While climate change and environmental consciousness may seem to be featured in recent news reports and conversations, it has in fact been the result of past imbalances. “Environmental justice is not a new concept. Cultures up until very recently were living harmoniously with their surroundings, taking from it enough for their families, for their communities, and putting just as much back,” said Sophia Assani, Senior Program Officer for Focus Humanitarian Assistance USA.

“There was this symbiotic relationship with nature, a deep reverence for the environment. Today, we see the repercussions of so many decades of exploitation of our environments, of others’ environments.”
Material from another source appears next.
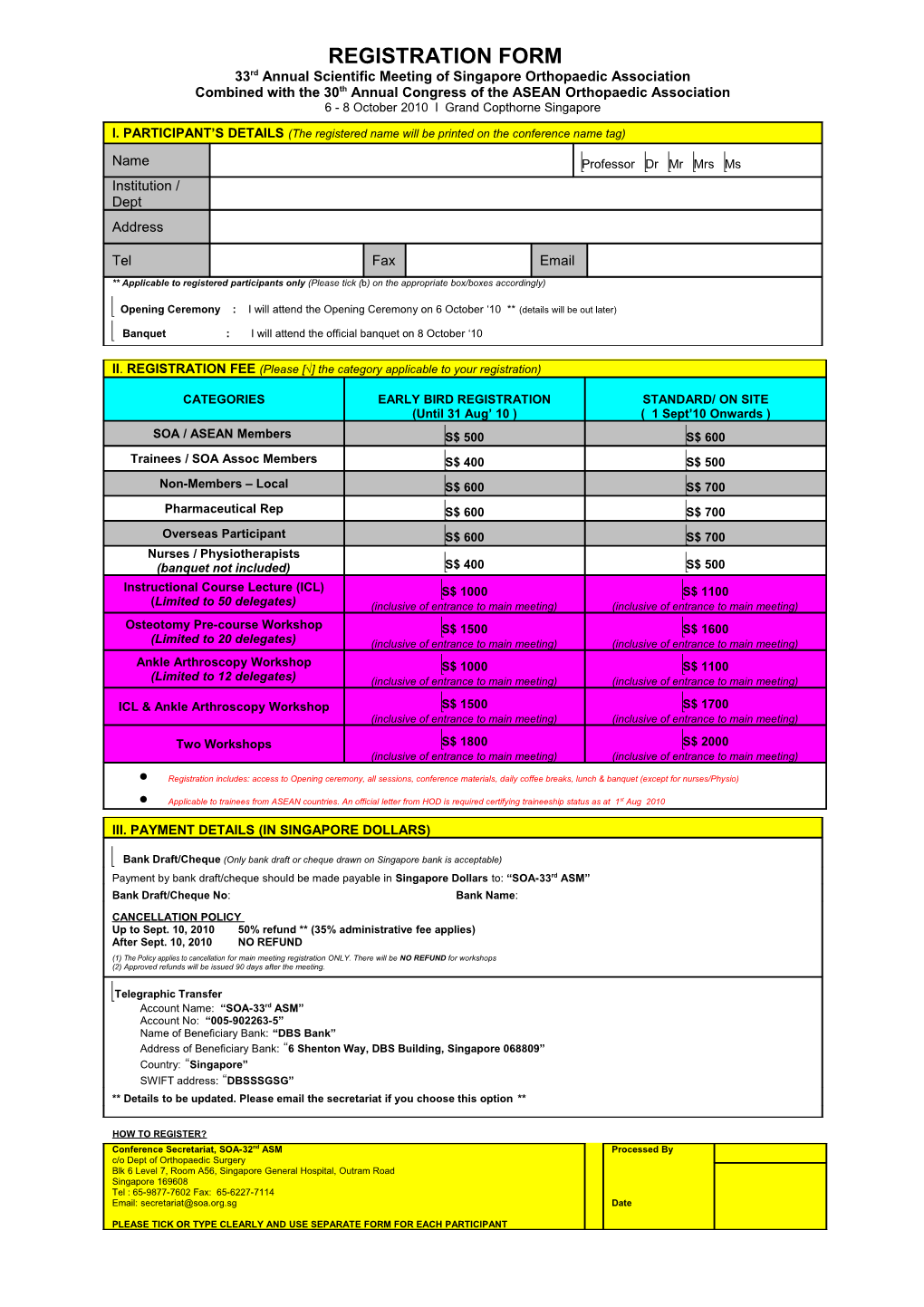 Email Or Fax Registration Form To: SOA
Even members of the Jamat in certain regions have experienced the implications of climate change, as an increase in droughts, mudslides, glacier melting, and flooding have affected the lives of those living in the mountainous regions of South and Central Asia. Onno Ruhl, the General Manager for the Aga Khan Agency for Habitat, said, “Justice is important. Environmental pressures are enormous, and we’re in a state of severe imbalance between humanity and nature. Because there’s pressure, what that does is it puts excessive pressure on developing countries.”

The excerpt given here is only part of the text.